* DATA LISTING *
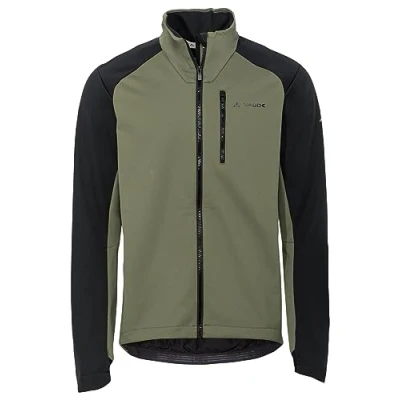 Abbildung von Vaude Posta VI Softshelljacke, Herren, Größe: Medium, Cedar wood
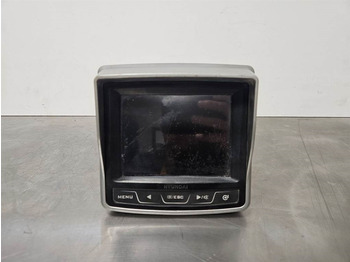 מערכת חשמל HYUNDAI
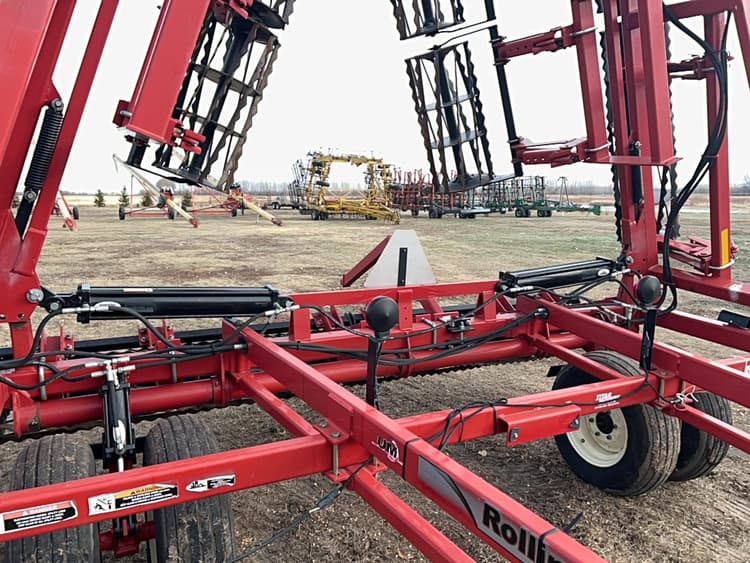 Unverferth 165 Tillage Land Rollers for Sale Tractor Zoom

* * *

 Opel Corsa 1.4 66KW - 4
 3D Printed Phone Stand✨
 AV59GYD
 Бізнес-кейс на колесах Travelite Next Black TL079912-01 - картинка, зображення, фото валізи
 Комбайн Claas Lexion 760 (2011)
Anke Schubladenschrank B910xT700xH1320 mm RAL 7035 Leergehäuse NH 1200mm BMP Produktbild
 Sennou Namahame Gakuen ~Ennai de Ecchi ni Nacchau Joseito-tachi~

* AIM OF THE EXERCISE *
The exact lines of the material above starting at the one that contains "Opel Corsa 1.4 66KW - 4" and ending at the one that contains "Sennou Namahame Gakuen" are what to retype; leave out everything else.

* ANSWER TO THIS PROBLEM *
 Opel Corsa 1.4 66KW - 4
 3D Printed Phone Stand✨
 AV59GYD
 Бізнес-кейс на колесах Travelite Next Black TL079912-01 - картинка, зображення, фото валізи
 Комбайн Claas Lexion 760 (2011)
Anke Schubladenschrank B910xT700xH1320 mm RAL 7035 Leergehäuse NH 1200mm BMP Produktbild
 Sennou Namahame Gakuen ~Ennai de Ecchi ni Nacchau Joseito-tachi~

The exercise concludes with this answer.